Developments of the last two years

bob · Post by **bob** » Mon Mar 04, 2013 5:37 am

lucasart wrote:
bob wrote:
hgm wrote:I don't think that reasoning is sound. I can build an engine that plays better Chess than I do. Why shouldn't I be able to write a compiler that makes better assembly than I do? Even if I would be the worlds's number one expert. We have engines that beat the World champ Chess...
Here's the biggest win you get, from someone that has been programming in ASM forever...

The compiler has to follow the semantics of the language. It doesn't know anything about the semantics of the program itself, other than what it sees. But that is not much.

For example, if you do a switch() it must, by standard, do what the specs say. If the switch variable value does not match any of the cases, the compiler is required to test for that condition to avoid errors. In my code, I might well KNOW that the "piece" value will only be one of 13 possibilities, and I can exclude that "if piece < -6 or piece > +6" sanity test. There are lots of such things that one can exploit, but it requires knowledge about the program that can't readily be discerned just looking at the source code for one procedure. Other things might include min and max range of a value where the compiler only knows "int" or "long" but you know it is 17 bits max. So there is room to out-perform the compiler, but nowhere near what it was 20-30 years ago when hand-coded asm was the way to go everywhere.

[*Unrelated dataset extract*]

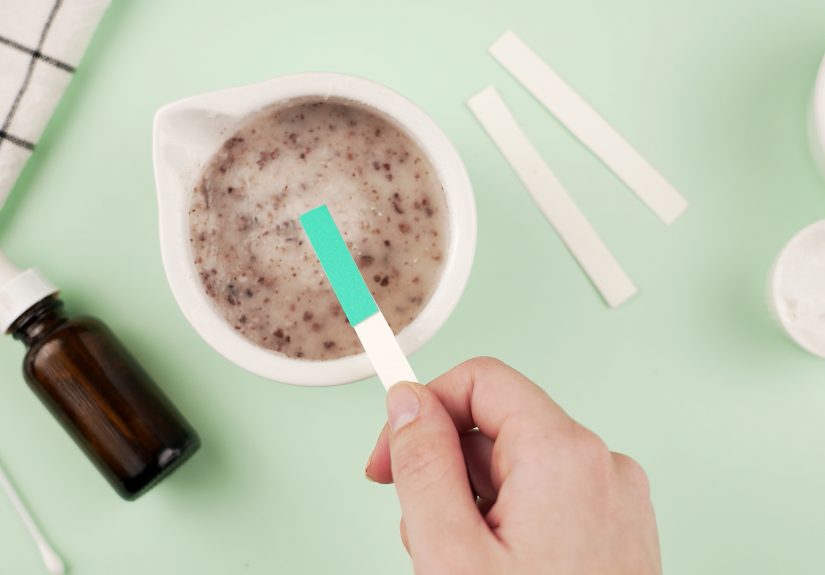 3 Ways to Make Baking Soda Toothpaste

Compilers are good at doing the classic optimizations, like common-subexpression elimination, loop-invariant detection and such. So I doubt a 10:1 is possible, UNLESS one intentionally (or unknowingly) writes C code that ties the compiler's hands. Bad C code can still produce bad asm code. But with care, one can write C code that produces pretty well optimized asm code. Unless you step outside the semantics of the language somewhere. For example, there is no standard way to get to the popcnt() instruction. compilers do include intrinsics for such, but it is not something that is portable.

I've spent a lot of time looking at compiler output and am generally impressed. They can be improved on, with effort, and perhaps with a lot of pragma usage to tell the compiler things it can't spot for itself.
I appreciate that your knowledge of assembly is far better than mine, and probably almost everyone here.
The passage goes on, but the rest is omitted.